I am posing many recursive day-to-day questions to say that love should not be the only bond for the two lovers to end up with marriage – or at least cohabitation for the ones who don’t believe in marriage -, they should take their time and  look for other common qualities or baseline so that if one day that breath taking flame is put off, both can walk the talk when they declared “Yes, I Do!” and live happy ever after.

There is no sealed best selling list in which a check box on “comply” or “do not comply” for all living human beings, cause in every person to can find some are distinctive and in others none is in pure state.
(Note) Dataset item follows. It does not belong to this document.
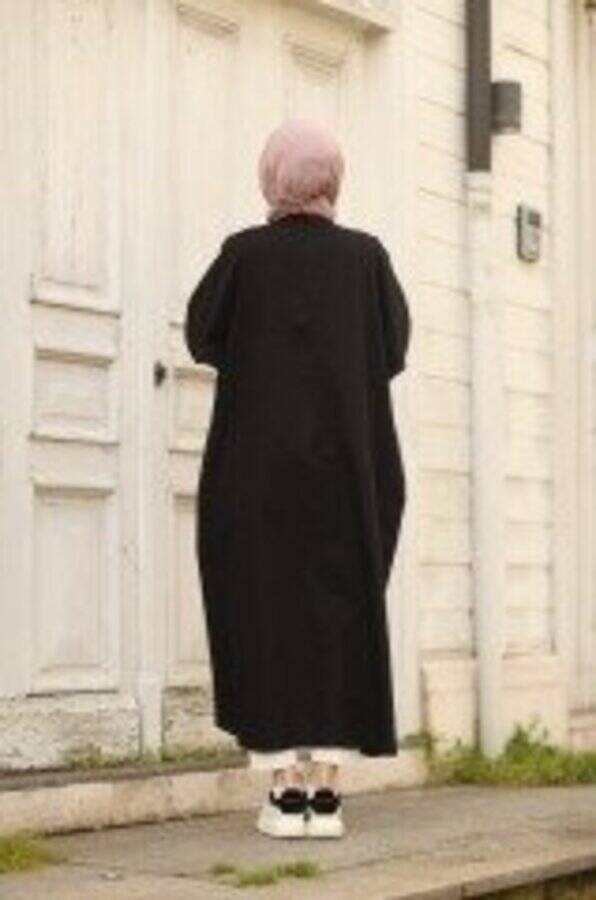 6394-Denim Standart Salaş Tunik Siyah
Once you are still in love you take as long as it takes to look for your partner’s behavior and characters that you feel comfortable with and maybe could be common between both of you. You should be wise enough to assess the cons of the other characteristics that you do not adore or mostly despise. This search and dissection over time are very crucial if you reached a stage where marriage proposal is around the corner or maybe fixed too. As stated before, if there are not enough characteristics in your partner that you can admire, you will not overcome that period after the extinction of love. Both lovers will play blame game, stress will poison the air and affect their children attitudes and spirits for a long time, plus their actions will repel their friends cause both sides judgment will be very subjective and blind, without forgetting the partner’s parents being envisaged as horrible to visit, listen to, or even salute.
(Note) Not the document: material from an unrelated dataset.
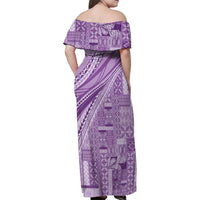 Pasifika Women's Day - Samoa Siapo Malu Tattoo Inspired Family Matching Off Shoulder Maxi Dress and Hawaiian Shirt Lavender LT7 - Polynesian Pride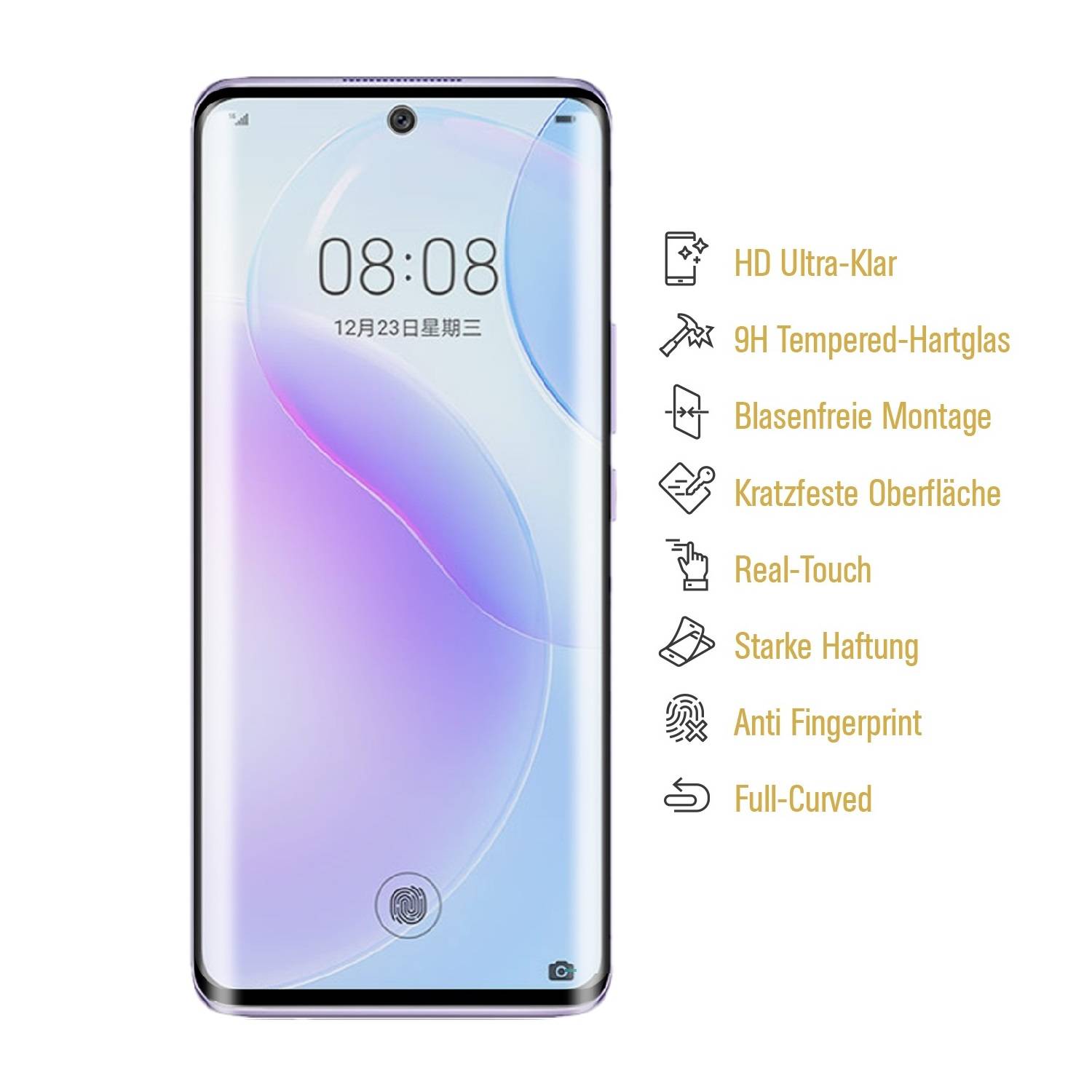 2x 9H Hartglas für Huawei Nova 9 FULL CURVED Panzerfolie Displayschutz KLAR 3D Panzerglas Schutzglas Schutzfolie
What every independent persons seeks to find in his parents, colleagues, or even in his best friend should also apply to his lover as he will be his companion till death separates them. To name some qualities that we admire: freedom of choice and decision, trustworthy, intelligence, open in his communication to a certain limits, caring one, a bit romantic, dependable, amusing, down to earth, outgoing to certain extend, generous, selfless, fairly preventative, sociable, and maybe poetic if one is lucky.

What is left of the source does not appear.